§ **Data for analysis**:
================================

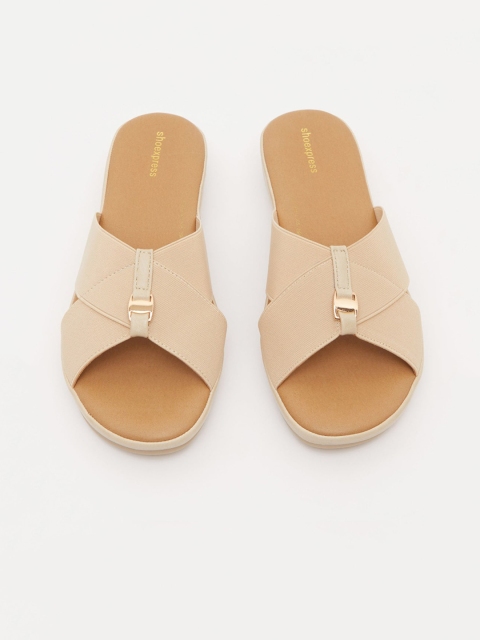 shoexpress Women Off-White Solid Sandals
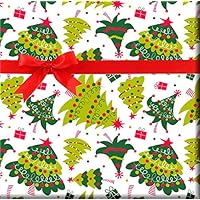 CakeSupplyShop Celebrations Green and White Presents Jolly Whimsical Christmas Tree Christmas Holiday Gift Wrap 24inch x 12ft Folded Wrapping Paper with Tags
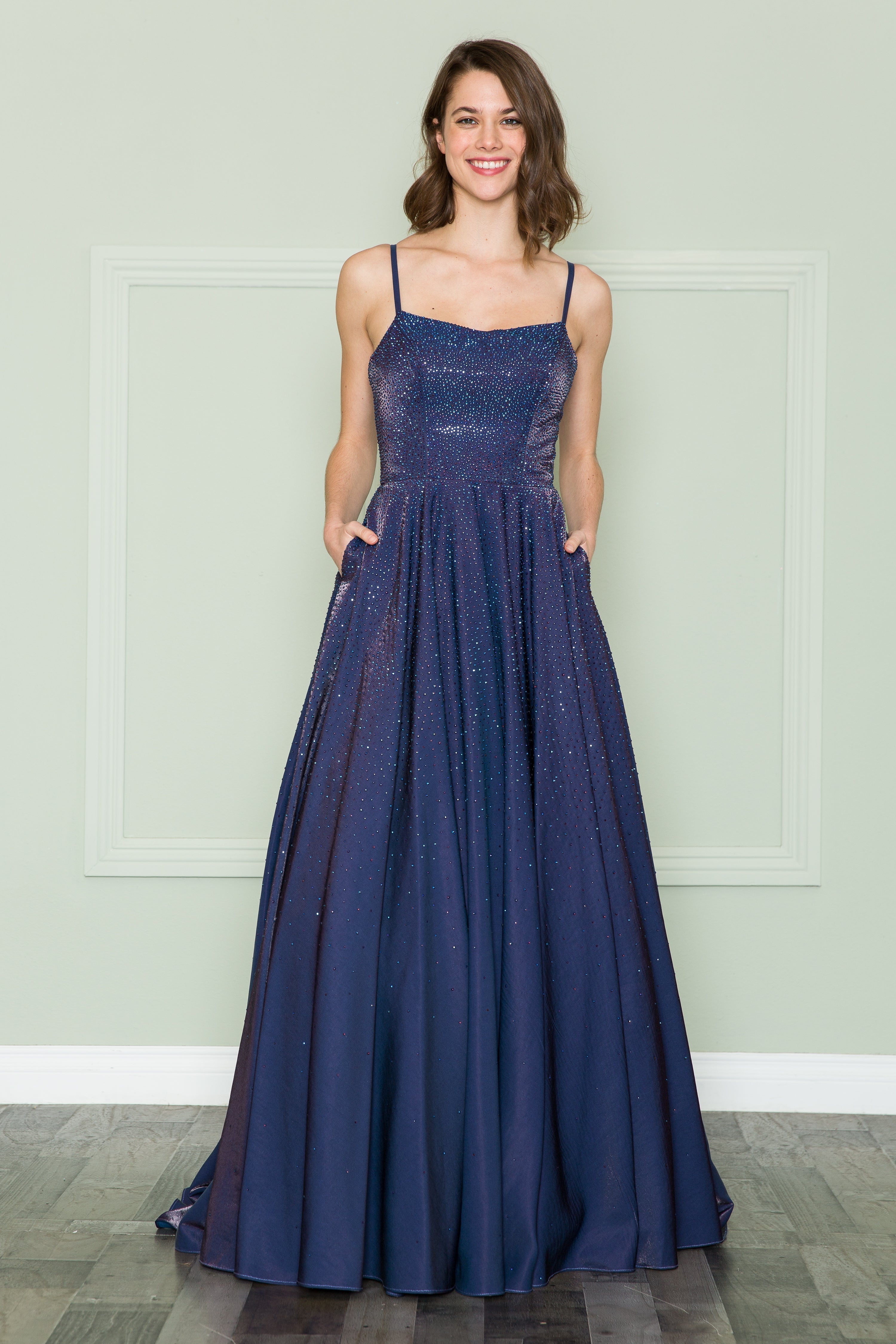 Poly USA 8886 Long Iridescent Glitter Dress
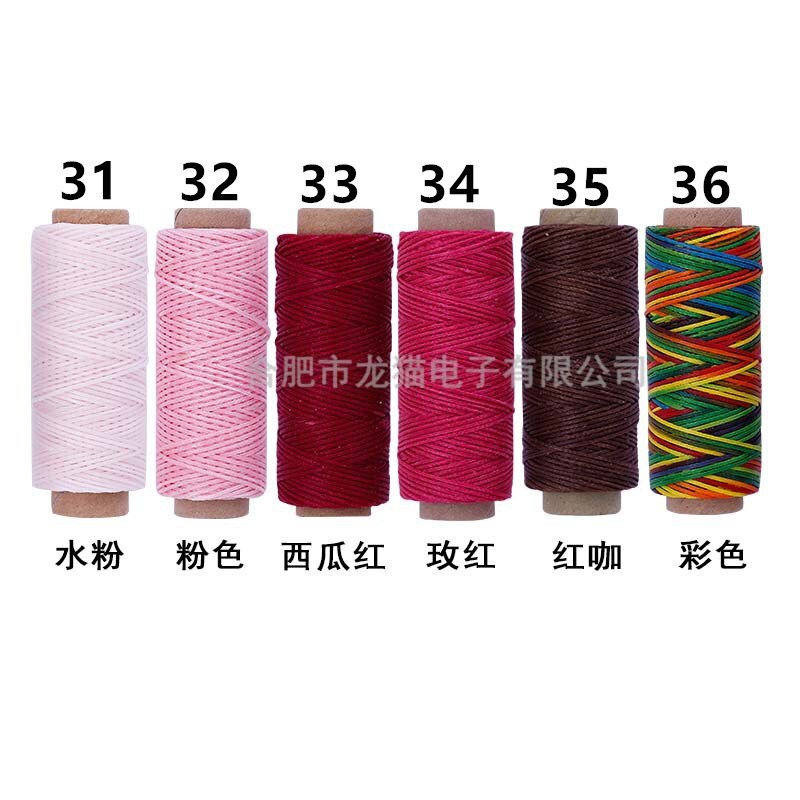 50 meter Nuttig 0.8mm 150D Lederen Gewaxt Draad Koord voor Hand Stiksels Draad Platte Gewaxte Naaien Lijn DIY Handwerk tool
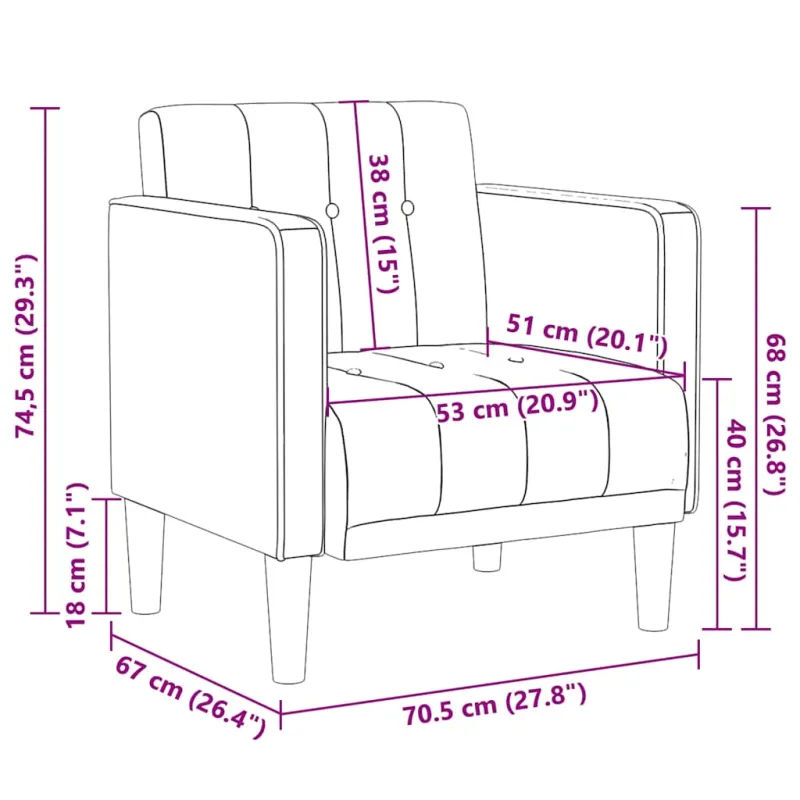 Sofa-kėdė su porankiais, juoda, 53 cm, aksominė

================================

§ **Your instructions**:
Please copy the data above word for word, but only from the line that contains "CakeSupplyShop Celebrations Green" through the final line, both included, and without the pictures.

§ **Response box**:
 CakeSupplyShop Celebrations Green and White Presents Jolly Whimsical Christmas Tree Christmas Holiday Gift Wrap 24inch x 12ft Folded Wrapping Paper with Tags
 Poly USA 8886 Long Iridescent Glitter Dress
 50 meter Nuttig 0.8mm 150D Lederen Gewaxt Draad Koord voor Hand Stiksels Draad Platte Gewaxte Naaien Lijn DIY Handwerk tool
 Sofa-kėdė su porankiais, juoda, 53 cm, aksominė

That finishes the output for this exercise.